## Problem details:
Start with the first line of the material. Repeat each line exactly through the one that contains "Cenforce 100Mg new13".
======== Stored data ========
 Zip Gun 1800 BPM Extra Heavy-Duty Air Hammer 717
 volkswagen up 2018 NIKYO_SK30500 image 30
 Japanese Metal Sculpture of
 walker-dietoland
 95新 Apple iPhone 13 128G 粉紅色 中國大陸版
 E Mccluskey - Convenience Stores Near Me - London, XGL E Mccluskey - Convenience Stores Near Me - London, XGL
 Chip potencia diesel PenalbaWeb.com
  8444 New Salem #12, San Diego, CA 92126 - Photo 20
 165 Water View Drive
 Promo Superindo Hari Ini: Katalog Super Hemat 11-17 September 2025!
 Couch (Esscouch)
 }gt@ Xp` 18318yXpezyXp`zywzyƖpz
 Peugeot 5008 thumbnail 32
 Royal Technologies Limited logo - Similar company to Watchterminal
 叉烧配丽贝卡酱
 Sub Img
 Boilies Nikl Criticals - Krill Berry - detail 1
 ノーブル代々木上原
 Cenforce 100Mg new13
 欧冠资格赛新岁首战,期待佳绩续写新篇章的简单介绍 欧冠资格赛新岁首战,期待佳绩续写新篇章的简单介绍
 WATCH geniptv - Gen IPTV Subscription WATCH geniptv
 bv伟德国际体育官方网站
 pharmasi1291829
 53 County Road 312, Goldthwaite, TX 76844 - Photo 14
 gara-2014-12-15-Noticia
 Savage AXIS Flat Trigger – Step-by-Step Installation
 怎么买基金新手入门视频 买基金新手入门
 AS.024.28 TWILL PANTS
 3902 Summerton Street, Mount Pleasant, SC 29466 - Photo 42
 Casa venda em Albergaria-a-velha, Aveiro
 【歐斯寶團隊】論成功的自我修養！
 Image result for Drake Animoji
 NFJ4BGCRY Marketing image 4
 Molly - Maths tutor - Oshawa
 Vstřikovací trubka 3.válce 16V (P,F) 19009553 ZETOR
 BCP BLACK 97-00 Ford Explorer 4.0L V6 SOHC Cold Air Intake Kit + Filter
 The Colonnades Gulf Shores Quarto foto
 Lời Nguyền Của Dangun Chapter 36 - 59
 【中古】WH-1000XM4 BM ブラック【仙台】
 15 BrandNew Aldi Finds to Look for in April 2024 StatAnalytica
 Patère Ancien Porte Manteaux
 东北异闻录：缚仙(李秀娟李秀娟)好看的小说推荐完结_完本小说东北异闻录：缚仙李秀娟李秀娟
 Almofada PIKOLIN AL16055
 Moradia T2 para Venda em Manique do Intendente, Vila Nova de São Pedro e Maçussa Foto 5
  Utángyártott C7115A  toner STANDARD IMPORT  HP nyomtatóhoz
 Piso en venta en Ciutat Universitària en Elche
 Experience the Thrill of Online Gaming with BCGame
========
## Written answer:
 Zip Gun 1800 BPM Extra Heavy-Duty Air Hammer 717
 volkswagen up 2018 NIKYO_SK30500 image 30
 Japanese Metal Sculpture of
 walker-dietoland
 95新 Apple iPhone 13 128G 粉紅色 中國大陸版
 E Mccluskey - Convenience Stores Near Me - London, XGL E Mccluskey - Convenience Stores Near Me - London, XGL
 Chip potencia diesel PenalbaWeb.com
  8444 New Salem #12, San Diego, CA 92126 - Photo 20
 165 Water View Drive
 Promo Superindo Hari Ini: Katalog Super Hemat 11-17 September 2025!
 Couch (Esscouch)
 }gt@ Xp` 18318yXpezyXp`zywzyƖpz
 Peugeot 5008 thumbnail 32
 Royal Technologies Limited logo - Similar company to Watchterminal
 叉烧配丽贝卡酱
 Sub Img
 Boilies Nikl Criticals - Krill Berry - detail 1
 ノーブル代々木上原
 Cenforce 100Mg new13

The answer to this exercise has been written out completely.